Tuesday, August 3, 2010

The News of Today

My mother had e-mailed me and told me he wasn't doing well. I didn't think much more about it until I received an e-mail from Kristi today. Jim Duchane passed away.

Sitting in my windowless office I found my eyes misting with tears. I had work to do, but memories and thoughts were going through my mind. There were least four feet of snow on the ground in Concord, New Hamshire where I saw him last. He talked of the expense of heating his house with kerosene. It seems homeowners in New Hampshire always talk about the expense of heating their homes in the winter, just as Californians always seem to talk about money. I had asked him, as I often ask people, how he had met his wife.

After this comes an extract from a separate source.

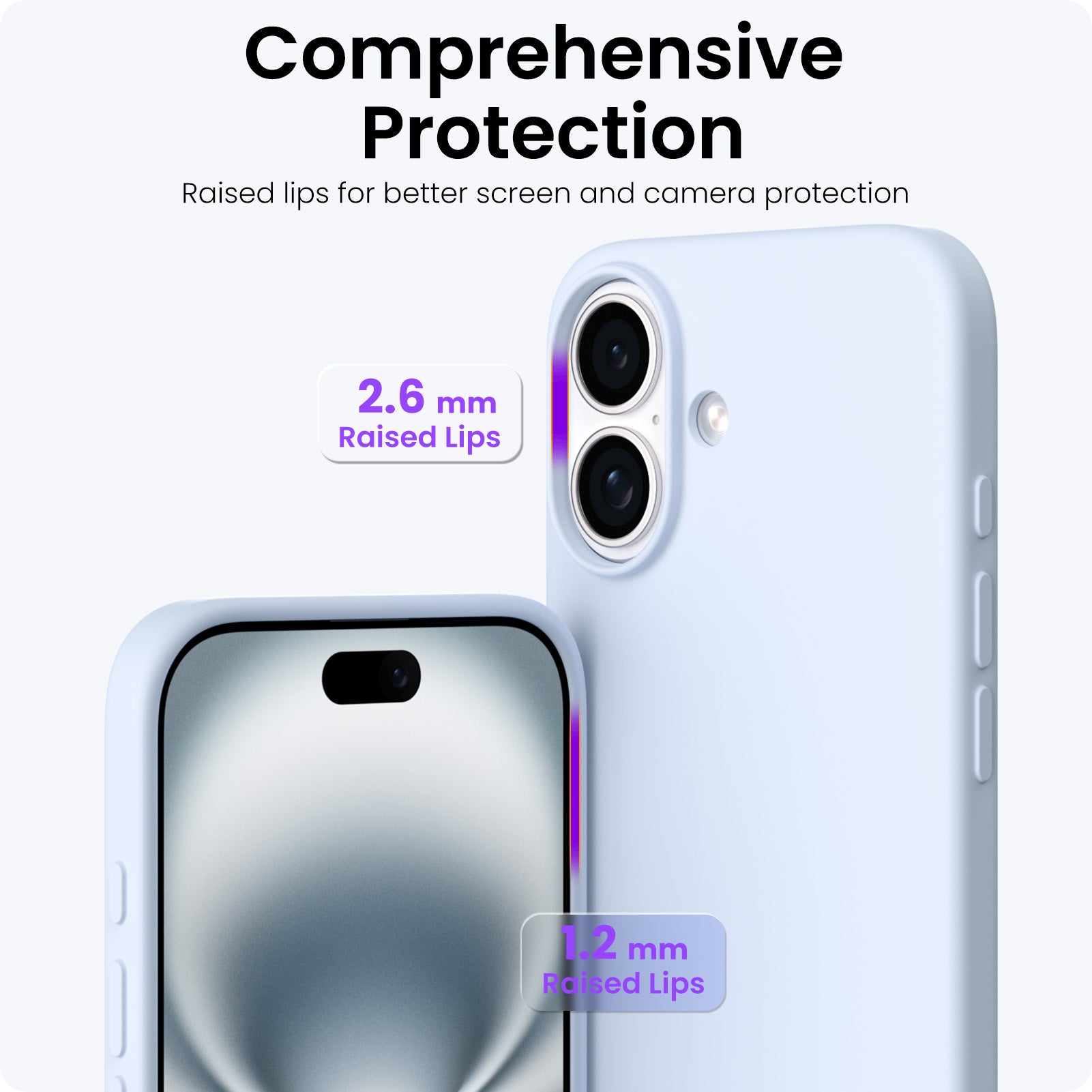 Liquid Silicone Case for iPhone 17 Series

Brother Duchane had fallen in love with a spunky, red-headed, Mormon woman many years ago. She was a security guard and he said she could beat the tar out of anyone. He was smitten. Even years later I could see that he was so taken by this woman who could beat up anyone.

I met Brother Duchene at church as a child. His two girls who were still children when I left for college. The summer after my mission, I visited a small branch in Northern New Hampshire where Branch President Duchene and his family are now attending. His oldest daughter is now soon leaving to attend college and wants to study forensics, and there was MG, his wife. My eyes are now misting as I think about MG.

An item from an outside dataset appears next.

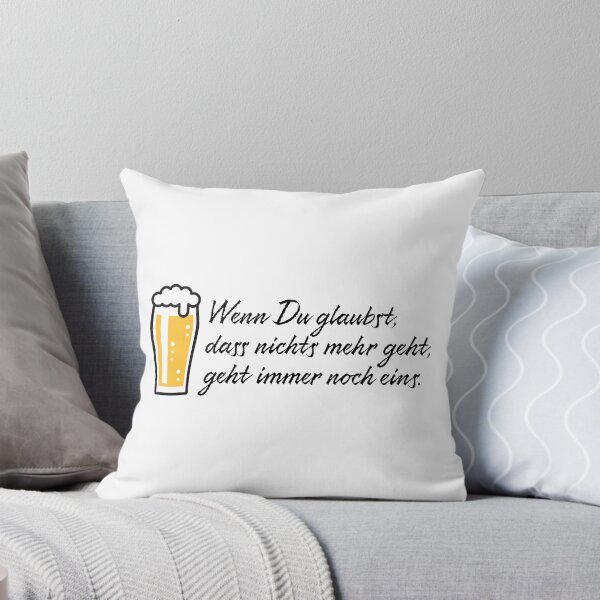 Item preview, When you think nothing more is possible, there's always one more thing. (Beer / Saying / POS 2C) designed and sold by Roderix.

MG was my primary teacher when I was a child. She loved being in Primary because her energy level matched ours. She never belonged in Relief Society, she belonged with us. She gave us homemade pies if we attended her class with perfect attendance each month. Month after month she delivered my pie to my home.

I remember the first time I came to know of this person called MG. I went with my mother to the Mother-Daughter Homemaking meeting. It seemed everyone would talk about this woman MG, old women, young women, everyone seemed to adore her. The first time I saw her she hugged an old woman. She is the spunky red-headed security guard who could beat anyone up, the woman who made Brother Duchane's eyes glow with the memory of first meeting her. How she must be missing him.

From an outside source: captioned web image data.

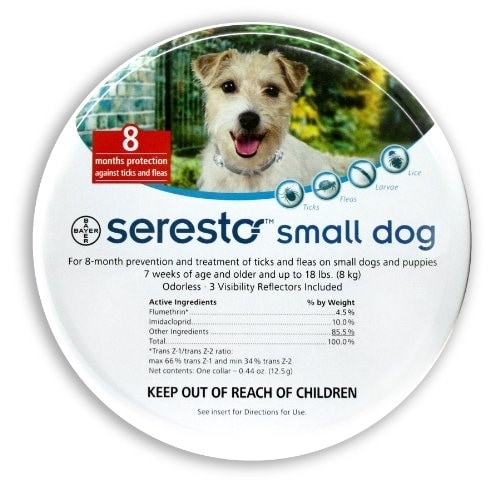 seresto small dog collar coupon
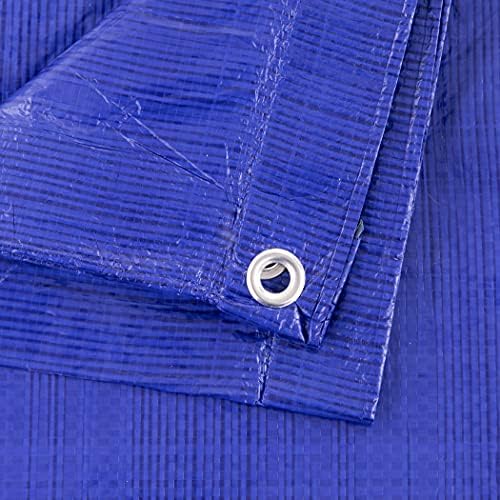 Kotap 12 x 20 Ft. All-Purpose Multi-Use Protection/Coverage 5-mil Poly Tarp - Image 4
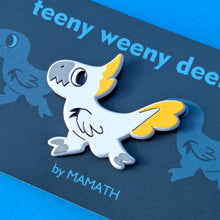 Load image into Gallery viewer, Teeny Weeny Deenos: Sulfur-crested Cockatoo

An hour or so later I am distracted by my phone signaling that I have a text. It is Deborah, my beautiful trainer from my mission, announcing the birth of her third child. I text back a quick congratulations and letting her know how proud I am of her accomplishment in bringing this child into the world. How happy she must be for her new daughter.

3 comments:

Julianne said...

And that's life... the good the bad and the ugly. I'm sorry for your loss and yet happy for the new baby born. That must be how you're feeling. Thinking about you! Love you tons!

Letty said...

Wow Chantal...you can write! I really liked the feel of the language in this entry, and the juxtaposition of life and death.

Letty said...

Wow Chantal...you can write! I really liked the feel of the language in this entry, and the juxtaposition of life and death.